While Gleason’s primary responsibility was to teach English to fifth through 12th-graders, she also worked with a local nonprofit, starting a small ceramics business to support its efforts to promote transparency in elections, business, and the educational system, and to provide a much-needed creative outlet in towns of Șoldănești and Rezina.
“We [recruited] a couple of ceramics masters and set up workshops and classes for them to teach to other members of the community,” she says. “Everyone who was involved in the ceramics classes was required to take business seminars that the nonprofit put on and to give back part of their individual business proceeds. It was exciting to see young people get excited and passionate about rejecting corruption — which is so deep-seated in their society — and embracing transparency.”
Gleason says that by establishing personal relationships with individuals in the community she gained a great deal of insight into the country’s struggles. “Moldova is so close to Western Europe that they get a lot of influences from there and have exposure to this wealthy way of life that they can’t have themselves,” she says. “And, as a former Soviet Republic, it’s struggled through a lot of political conflicts.”
As her time with the Peace Corps neared its end, Gleason began to think about what she wanted to do next. “I decided it was important to me to work and interact with some of the things that are really important to people,” she says. An undergraduate religion and classics major, she decided to pursue a dual-degree at Duke Law: a master’s degree in religion along with a JD. Gleason began her studies in June with 54 others in Duke’s summer-start program.
“Some people see religion and law as antithetical, but for me they are two things that shape and define how people live and think,” she says. “I think I want to focus more on the theoretical issues of religion and see how these relate to the problems it is facing now — particularly in its interactions with law. I am really interested in developing countries and how religion and law interact with one another.

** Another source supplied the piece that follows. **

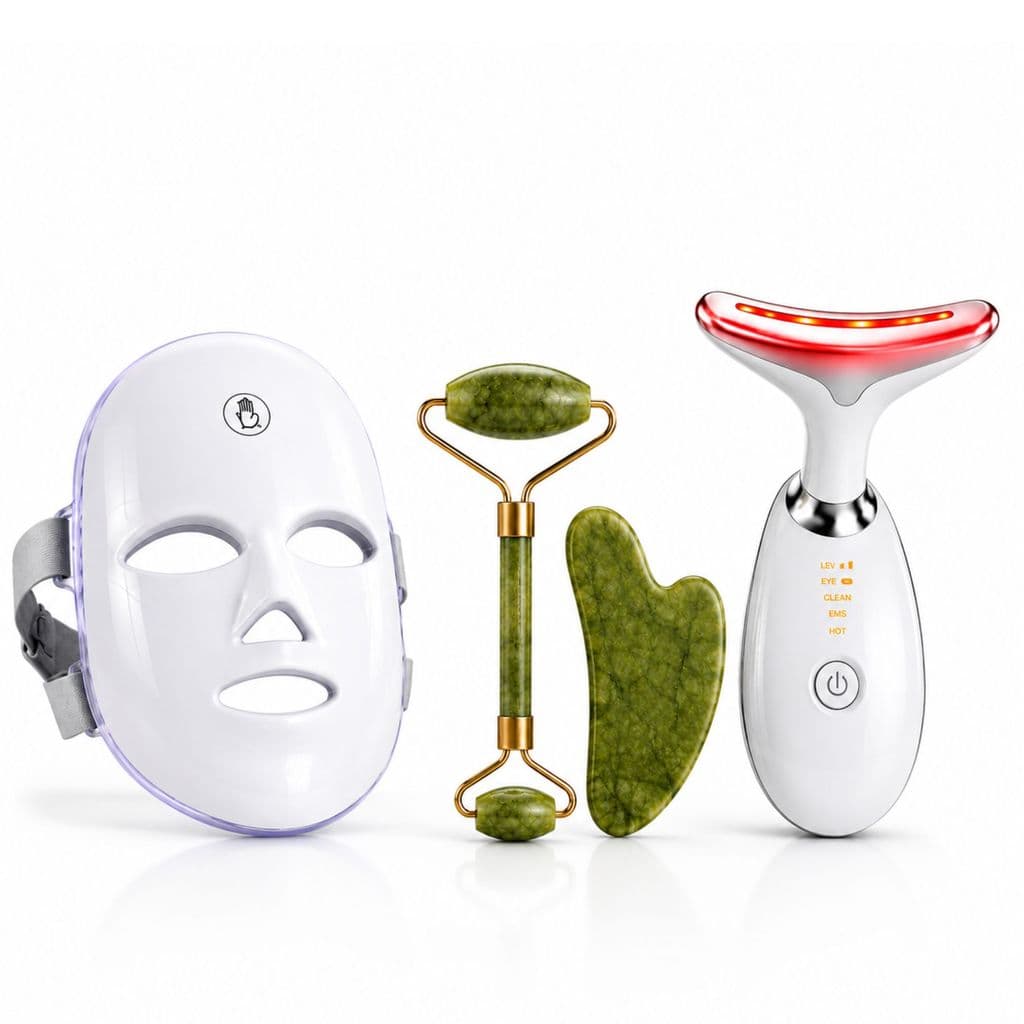 Kit Skincare Máscara Facial LED 7 Cores + Massageador LED + Jade Roller e Gua Sha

“In America, we have a separation of church and state, but that’s not necessarily how other countries are developing. I think it’s interesting to see the ethical issues that come into play there and how they shape different communities. I believe these issues further the study of law and religion not only internationally, but also domestically.”

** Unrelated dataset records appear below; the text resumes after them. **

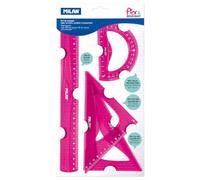 Milan pack de 4 reglas flexibles y resistentes - regla, escuadra, cart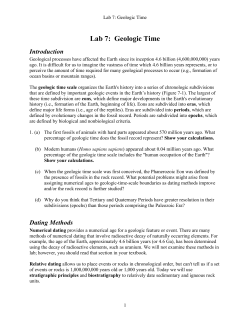Lab 7: Geologic Time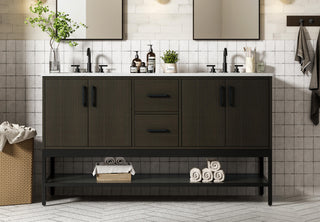Home Living 60" Double Bathroom Vanity, Mocha Brown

The ability to pursue a dual degree and an institutional commitment to public service were the top factors that led Gleason to Duke. “I think it’s fantastic that you can pursue your traditional legal degree and also have an opportunity to go after additional intellectual interests,” she says, noting that she is particularly looking forward to taking classes in Islamic and Jewish law.

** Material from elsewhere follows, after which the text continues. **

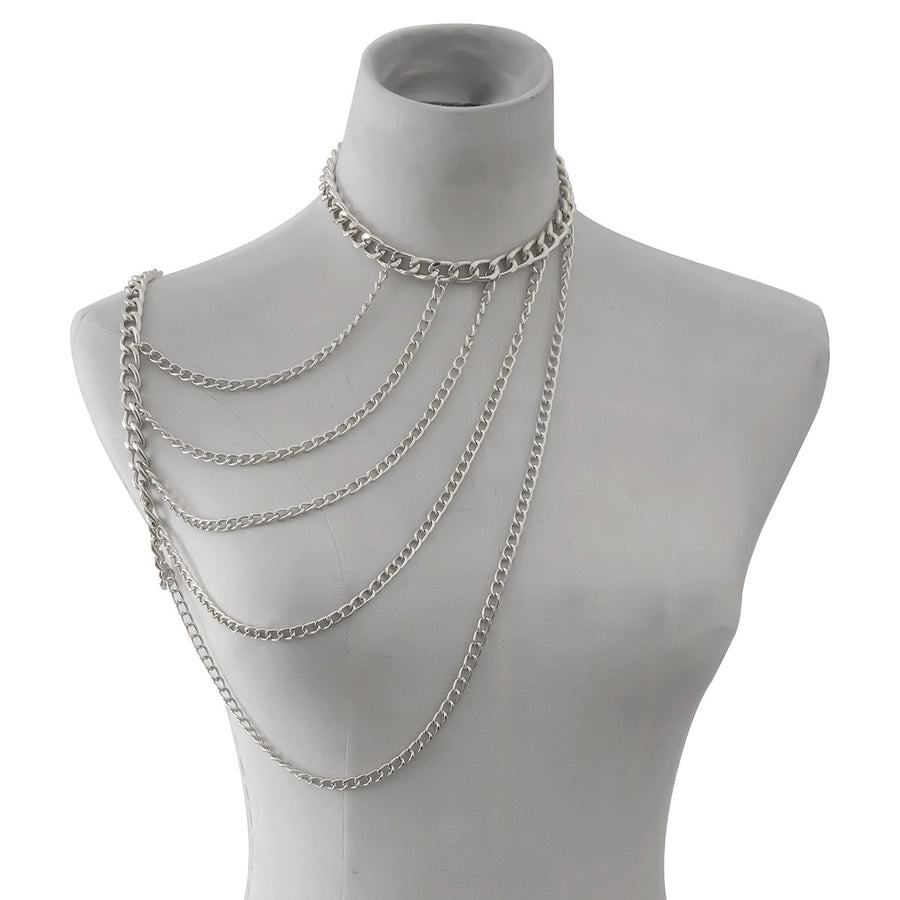 Fashion Hanging Neck Chain Clavicle Necklace Sexy Geometric U-shaped Tassel Single Shoulder Body Chain for Women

She also adds that she has found the summer start program to be quite advantageous. “Having this time to focus on two classes — taking it step by step — is really worthwhile,” she says. “It’s also been beneficial to my thought process to have a mix of people. We are really geographically diverse and with that comes intellectual diversity that makes for interesting conversations and interactions both through the work we are doing in class and our social scene.”
Gleason and her classmates have been exploring their new city together, as well. “Professor [Tom] Metzloff has been getting us settled into Durham, giving us the run-down of the city and telling us about all of these events that are going on,” she says.
“I’m a big baseball fan, so I’ve been to a couple of [Durham] Bulls games. A group of summer starters has been going to the concerts in the Sarah P. Duke Gardens every week, too.
“I love Durham,” she continues. “I’m from Chicago — right downtown Chicago — so it’s definitely a little bit different for me. But I think it’s fantastic that I get to be outside so much and Durham has a lot more character than I was anticipating.”